How to block .ru traffic while allowing google.ru and pinterest.ru?

Forum Moderators: phranque

Message Too Old, No Replies

How to block .ru traffic while allowing google.ru and pinterest.ru?

ichthyous

6:24 am on Dec 1, 2016 (gmt 0)

My site is getting bombarded with referral traffic from .ru and .ua spam sites and I used this code in .htaccess to block it completely, The problem is that this also blocks all traffic from Google.ru and Pinterest.ru, which I would like to avoid. Is there a way to add excepted sites to the rules?

## Deny RU and UA traffic
RewriteCond %{HTTP_REFERER} \.(ru|ua)(/|$) [NC] 
RewriteRule .* - [F] 
ErrorDocument 403 "Access Denied"

graeme_p

6:34 am on Dec 1, 2016 (gmt 0)

I think adding another RewriteCond with a negated rule that matches the sites you want to except will work. Prefix the rule with an exclamation mark to negate.

[httpd.apache.org...]

keyplyr

7:03 am on Dec 1, 2016 (gmt 0)

As graeme_p suggested:


RewriteCond %{HTTP_REFERER} \.(ru|ua) 
RewriteCond %{HTTP_REFERER} !(google|pinterest)
RewriteRule .* - [F]

You do know of course, perps from Russia & Ukraine can lease servers from anywhere in the world.

ichthyous

5:50 pm on Dec 1, 2016 (gmt 0)

Thank you that seems to have worked fine! I am blocking everything except about ten of the most popular russian sites. Does anyone have an idea of why these sites refer traffic, what is the goal? Months ago I found that my Cpanel account had been hacked and there was a list of russian sites entered into the list of sites excluded from hotlinking on my site. I had to disable the hotlink feature in cpanel entirely.
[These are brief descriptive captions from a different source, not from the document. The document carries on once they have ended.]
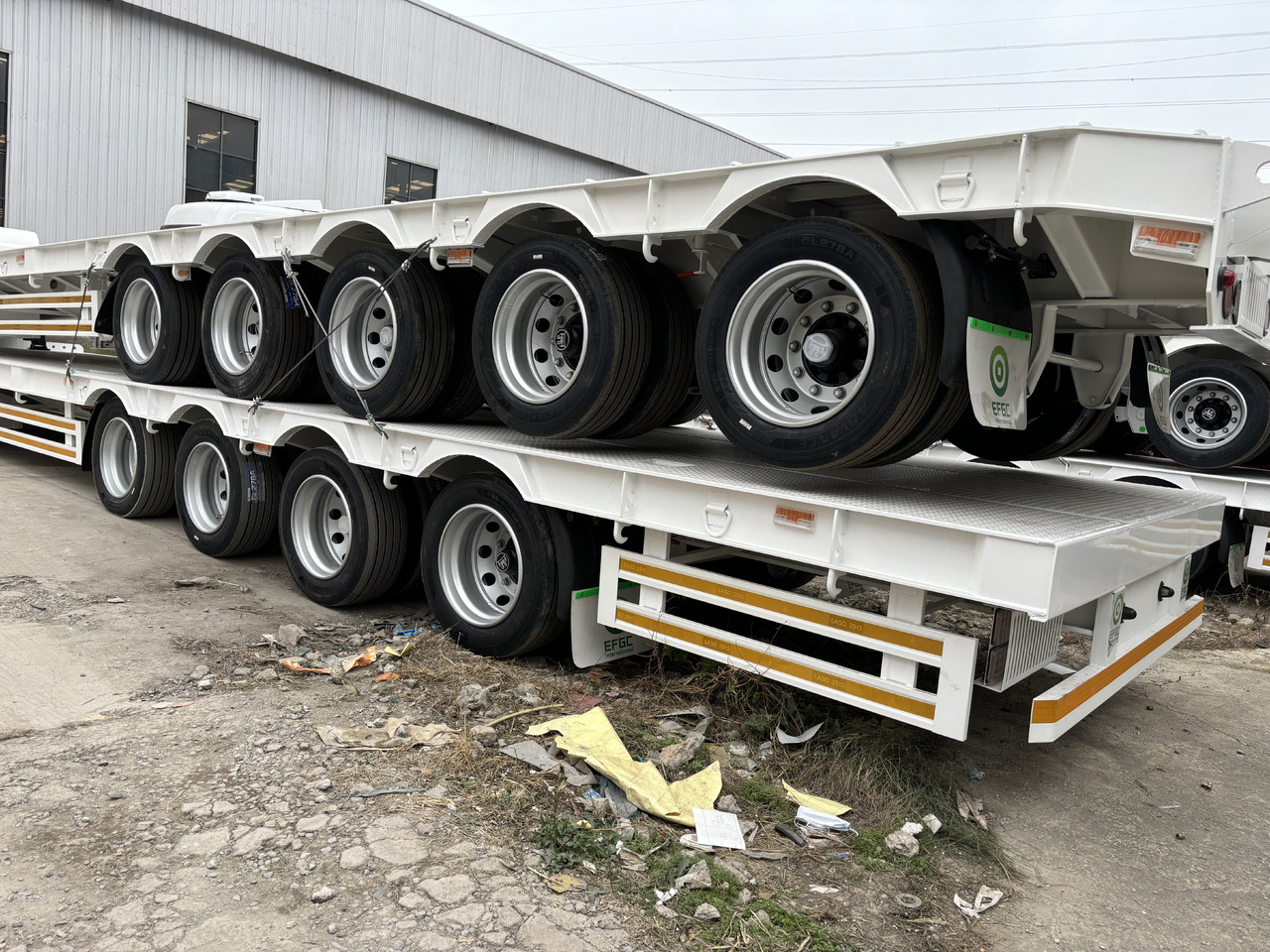 - Dropside/ Flatbed semi-trailer: picture 3 - Dropside/ Flatbed semi-trailer: picture 3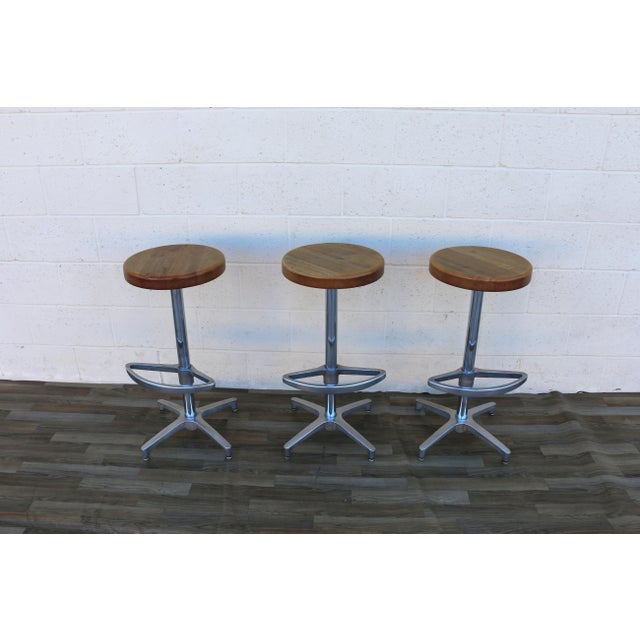Set of 3 Mid-Century Modern Butcher Block & Chrome Swivel Bar Stools, 1970s For Sale - Image 4 of 18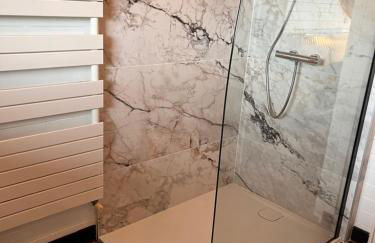 La Maison Bateau au Bord de Mer - Photo 48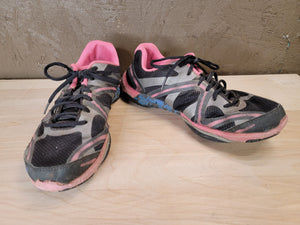 Black & Pink Ryka Influence Sneaker (Very Worn - 8)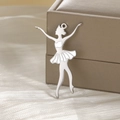Pendentif ballerine en acier inoxydable argenté posé sur un écrin à bijoux chic - Argent-Danseuse de Ballet Style 6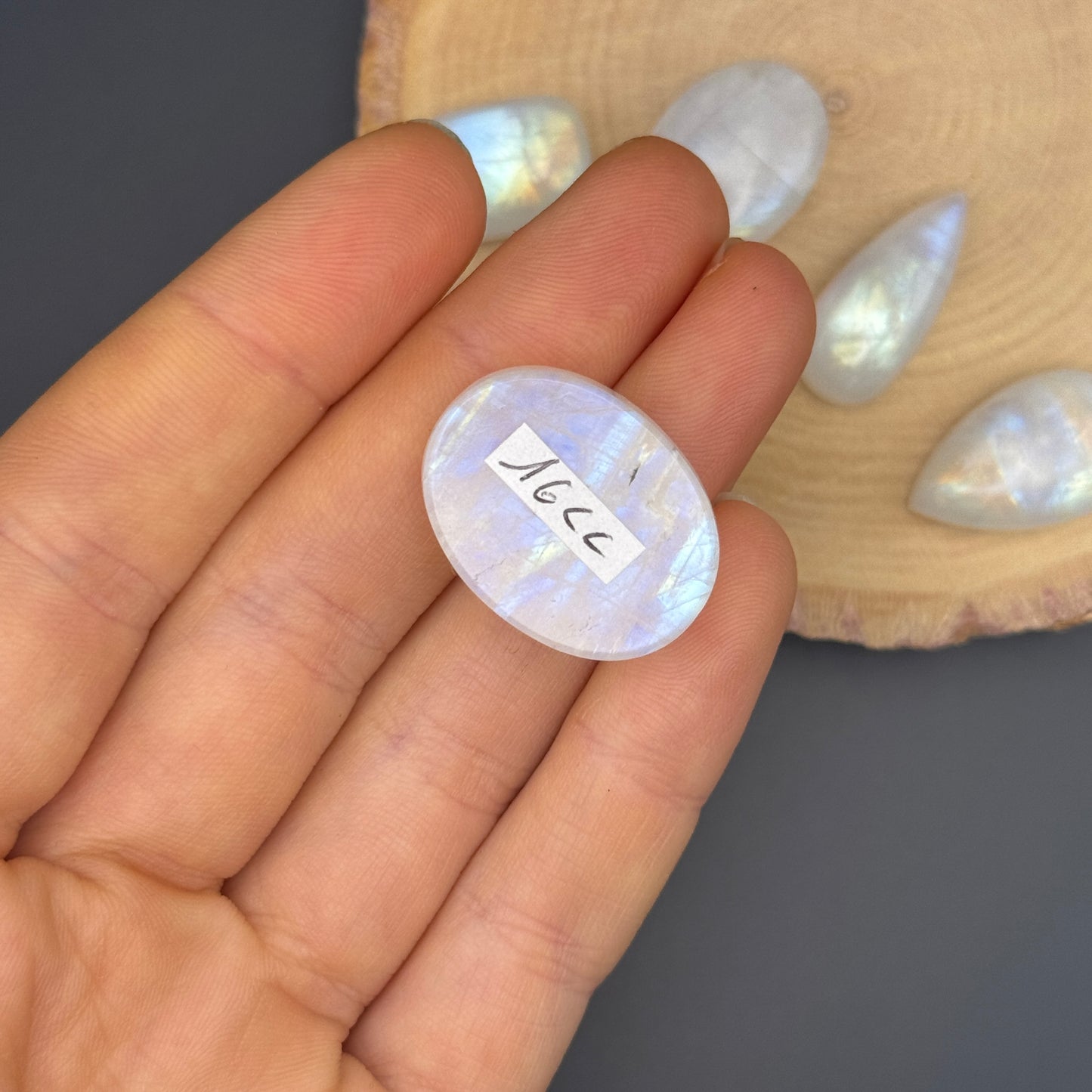 Regenbogen Mondstein /Weißer Labradorit Cabochon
My hosting company said it was probably an htaccess code injection hack, but their scan and all my previous scans of the site files and plugins revealed no hacks. (It's a wordpress site). The original list of russian sites entered into my cpanel hotlink panel matched the referral traffic sites, but I banned those long ago and the number of sites keeps multiplying. Would that indicate that there might still be a back door somewhere on my site? My hosting company says that it's typically in one of the htaccess files.

lucy24

8:31 pm on Dec 1, 2016 (gmt 0)

RewriteCond %{HTTP_REFERER} \.(ru|ua)

That's potentially precarious with no anchor. I'd say
\.(ua|ru)(/|$)
just to exclude the rare legitimate sites that might have a literal . elsewhere in the URL. I used to have a very similar rule; mine went

RewriteCond %{HTTP_REFERER} \.(ru|ua)(/|$)
RewriteCond %{HTTP_REFERER} !(google|yandex|\.mail)\.
RewriteRule (^|\.html|/)$ - [F]

It's "used to" because after I went to header-based lockouts, this particular rule was no longer needed.

My hosting company says that it's typically in one of the htaccess files.

That seems a safe guess, though not very helpful. Check the timestamp on your htaccess file periodically, even if you don't change it yourself very often. If you use a CMS such as WordPress, the timestamp will change whenever the host moves to a new version--but you'd expect them to give you plenty of advance notice. (And if they either don't tell you, or don't update periodically, it's new-host-shopping time.)

ichthyous

10:18 pm on Dec 1, 2016 (gmt 0)

It's "used to" because after I went to header-based lockouts, this particular rule was no longer needed.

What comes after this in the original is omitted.